As a normative ideal, equality of opportunity can be seen as a special case of the notion of fairness—that people with the same relevant traits or competencies should be treated in the same way. In the particular context of education, equality of opportunity frequently has been taken to mean that people with equal academic aptitude or ability should be given equal access to advantaged sectors of education. This was the dominant interpretation in the first half of the twentieth century, exemplified by the work of Gray and Moshinsky (1938) in Britain. Similarly in America, Lloyd Warner and his colleagues wrote ‘we might speak of equality of educational opportunity if all children and young people exceeding a given level of intellectual ability were enabled to attend schools and colleges up to some specified level. This is the only practicable kind of equality of educational opportunity’ (Warner et al. 1946).




Historically, the term was used frequently in the context of access to grammar-school education in Britain: the fact that affluent parents were able to secure fee-paying places at the prestigious grammar schools, places that were denied to equally able children of less affluent parents, was taken to be manifestly inequality of opportunity. More generally, one can think of any discriminatory procedure for regulating access to advantaged institutions as constituting inequality of opportunity.

In this respect, inequality of opportunity also becomes an explanatory concept as well as a normative ideal. Thus, fee-paying becomes one possible explanation for the observed class differences in access to grammar schools. The inability to afford fees is a possible mechanism that might explain why children of equal ability had unequal rates of access. (In practice, however, the abolition of fee-paying after World War II did not lead to a reduction in class inequalities, suggesting that fee-paying may not have had the explanatory role assumed by pre-war scholars; see Halsey et al. 1980.)

This explanatory sense of equality of opportunity implies a voluntaristic model of action where individuals are confronted with opportunities that they may choose whether or not to exercise. Inequality of educational opportunity implies that there are barriers, such as fee-paying or discriminatory selection procedures, which prevent some appropriately qualified individuals who wish to gain access from actually doing so. This interpretation lends itself to a rational choice account of educational decision-making, as in the work of Boudon (1974), and Erikson and Jonsson (1996).

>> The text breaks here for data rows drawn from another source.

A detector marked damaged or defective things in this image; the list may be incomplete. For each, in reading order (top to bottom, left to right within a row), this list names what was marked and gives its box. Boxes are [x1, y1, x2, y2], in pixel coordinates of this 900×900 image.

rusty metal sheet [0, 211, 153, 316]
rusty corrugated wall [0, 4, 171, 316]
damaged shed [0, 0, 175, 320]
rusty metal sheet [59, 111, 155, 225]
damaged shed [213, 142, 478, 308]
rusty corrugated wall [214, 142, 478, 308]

However, in the post-war sociological literature, inequality of opportunity was used frequently as a synonym for, rather than an explanation of, class differences in access to privileged institutions. Thus, for example, the term ‘inequality of opportunity’ has been applied to any class difference in educational attainment regardless of the explanatory mechanism that might have generated that inequality. This approach has thus moved away from the earlier conception of equal opportunities for those with equal abilities, which would be consistent with some observed class differences in access, to a broader definition that ignores the unequal class distribution of measured ability.

The broadening of the concept in this way probably reflected a growing sociological distrust of the concept of IQ or measured ability. The broader interpretation could be justified on the grounds that the class distributions of ability and of preferences for education are themselves socially conditioned. This can therefore be thought of as a sociologically deterministic model.

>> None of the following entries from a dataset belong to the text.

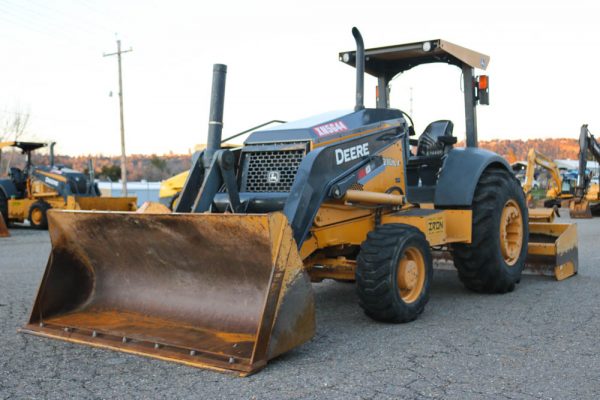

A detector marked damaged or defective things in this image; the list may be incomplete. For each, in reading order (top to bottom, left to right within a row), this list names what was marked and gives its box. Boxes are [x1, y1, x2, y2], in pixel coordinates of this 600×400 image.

rusty front bucket [19, 211, 314, 374]
rusty front bucket [528, 222, 580, 282]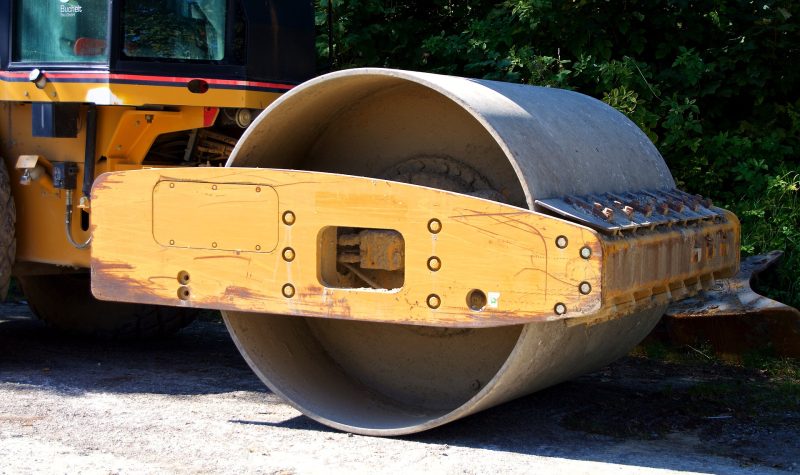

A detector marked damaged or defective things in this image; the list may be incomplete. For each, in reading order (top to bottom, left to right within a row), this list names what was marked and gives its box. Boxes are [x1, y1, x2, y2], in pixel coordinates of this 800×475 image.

rusty metal surface [540, 189, 720, 235]
rusty metal surface [664, 253, 800, 356]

More generally, the broader conception was congruent with the distinction between ascribed and achieved characteristics that became a focus of a great deal of post-war sociological research and theory. Discussions of inequality of opportunity could thus be integrated with mainstream sociological enquiry. Social class origin is an ascribed characteristic, and inequality of educational opportunity could be redefined as the persistence of ascribed characteristics in influencing educational outcomes. While much broader than the earlier conceptions, this interpretation was still distinct from that of equality of outcome in that it was consistent with inequalities between individuals.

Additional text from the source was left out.